Figure 2 shows the FTIR spectrum of the synthesized nanocomposite and pure PANI in the region 400–4000 cm⁻¹. The presence of CNT was confirmed by the FTIR data. When CNTs were added to PANI, the peaks were shifted from 615 to 802 cm⁻¹, 1570 to 1562 cm⁻¹, and 1400 to 1461 cm⁻¹. The FTIR spectrum of nanocomposite showed strong absorption bands at 1562^18,28-31 and 1585^32,33 cm⁻¹ assigned to C=C, showing, respectively, the deformation of benzoid and quinoid ring vibrations. The band at 1461 cm⁻¹ was related to C-C stretching vibrations due to the benzoid ring.^34,35 These peaks illustrate PANI and PANI-CNT nanocomposite as the emeraldine salt form. The peak at 802 cm⁻¹ is attributed to the out-of-plane bending of N-H.^29,36 The peak at 1292 cm⁻¹ corresponds to the C-N stretching vibration.^37,38 The C-H stretching is reflected in the 2927 cm⁻¹ peak.^38,39 The one at 3400 cm⁻¹ illustrates the stretching of N-H band of the aromatic ring in PANI/CNT.^29,40,41 The C-H bond and N-H bond can be seen from a spectrum of PANI/CNT nanocomposite film, showing CNT is existent in the nanocomposite film.

Figure 2.

Fourier transform infrared spectra of pure PANI and nanocomposite/fabrics: (a) 0.5 wt% CNT, (b) 2.5 wt% CNT, (c) 0 wt% CNT, (d) 10 wt% CNT, and (e) 5 wt% CNT. Note: PANI: polyaniline; CNT: carbon nanotube.

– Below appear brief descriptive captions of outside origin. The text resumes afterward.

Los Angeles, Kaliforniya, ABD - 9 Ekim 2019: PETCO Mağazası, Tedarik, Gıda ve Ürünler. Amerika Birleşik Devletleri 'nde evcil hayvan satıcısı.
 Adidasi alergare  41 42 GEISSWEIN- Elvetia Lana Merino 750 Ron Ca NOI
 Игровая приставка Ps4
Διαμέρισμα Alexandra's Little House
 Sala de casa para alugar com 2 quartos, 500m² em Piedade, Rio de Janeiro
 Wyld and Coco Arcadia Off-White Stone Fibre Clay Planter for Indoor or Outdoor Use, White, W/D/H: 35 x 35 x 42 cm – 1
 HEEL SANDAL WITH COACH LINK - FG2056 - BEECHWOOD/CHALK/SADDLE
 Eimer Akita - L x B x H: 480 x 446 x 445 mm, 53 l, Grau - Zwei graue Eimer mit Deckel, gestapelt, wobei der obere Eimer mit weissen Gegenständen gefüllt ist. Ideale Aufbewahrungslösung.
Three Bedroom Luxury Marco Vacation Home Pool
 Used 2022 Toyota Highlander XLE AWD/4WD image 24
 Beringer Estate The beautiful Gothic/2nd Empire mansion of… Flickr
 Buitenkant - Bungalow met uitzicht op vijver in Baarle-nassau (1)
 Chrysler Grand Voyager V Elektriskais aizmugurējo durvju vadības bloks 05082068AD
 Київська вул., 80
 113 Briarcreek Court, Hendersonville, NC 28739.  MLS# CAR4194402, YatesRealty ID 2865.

To examine the existence of nanocomposite on the fabric surface, attenuated total reflection (ATR) spectrum was used for the sample with the best power factor (PANI/10wt%CNT). As shown in Figure 3, several spectrum peaks prove the existence of PANI/CNT on the fabric including 1096 cm⁻¹ (C-O-C),⁴² 1451 cm⁻¹ (C-H),⁴³ 1558 cm⁻¹ (C=C),⁴⁴ 1722 cm⁻¹ (C=O),⁴² 2893 cm⁻¹ (C-H),⁴⁴ and 3171 cm⁻¹ (O-H).⁴²

Figure 3.

Attenuated total reflection spectrum of fabric coated with PANI/10wt%CNT nanocomposite. Note: PANI: polyaniline; CNT: carbon nanotube.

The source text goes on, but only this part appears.